[Scraped caption text data]

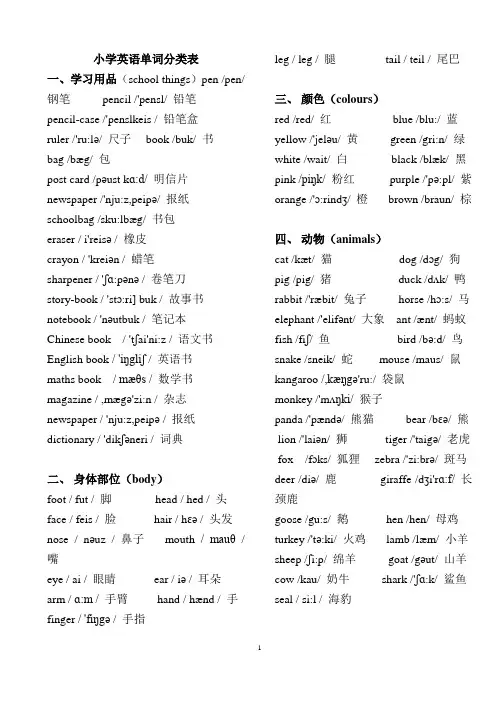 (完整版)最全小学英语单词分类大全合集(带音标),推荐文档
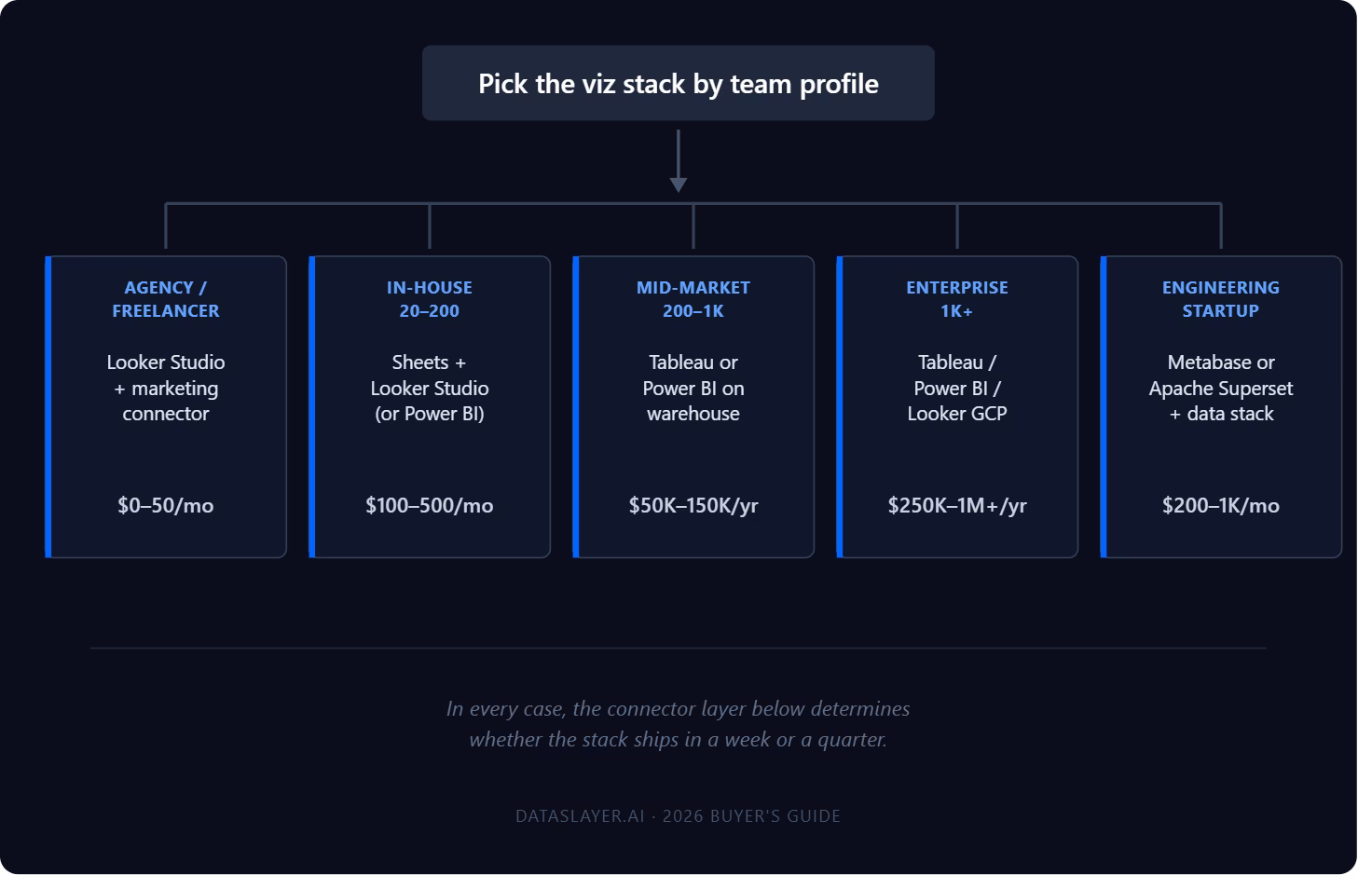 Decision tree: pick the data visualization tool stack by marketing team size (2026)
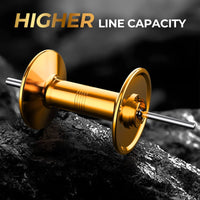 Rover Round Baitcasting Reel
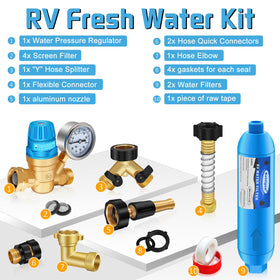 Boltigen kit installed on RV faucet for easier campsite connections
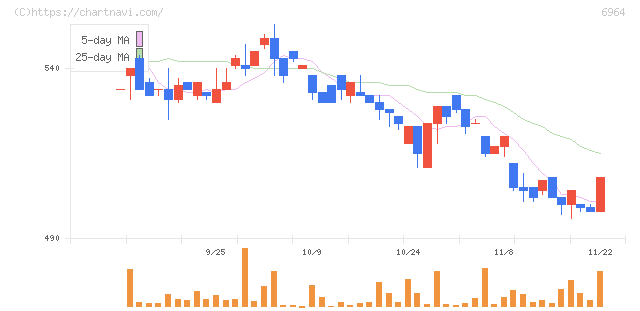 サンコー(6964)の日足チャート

=== PROBLEM ===
Copy out all the data without changing anything, and drop the pictures.

=== TASK ANSWER ===
 (完整版)最全小学英语单词分类大全合集(带音标),推荐文档
 Decision tree: pick the data visualization tool stack by marketing team size (2026)
 Rover Round Baitcasting Reel
 Boltigen kit installed on RV faucet for easier campsite connections
 サンコー(6964)の日足チャート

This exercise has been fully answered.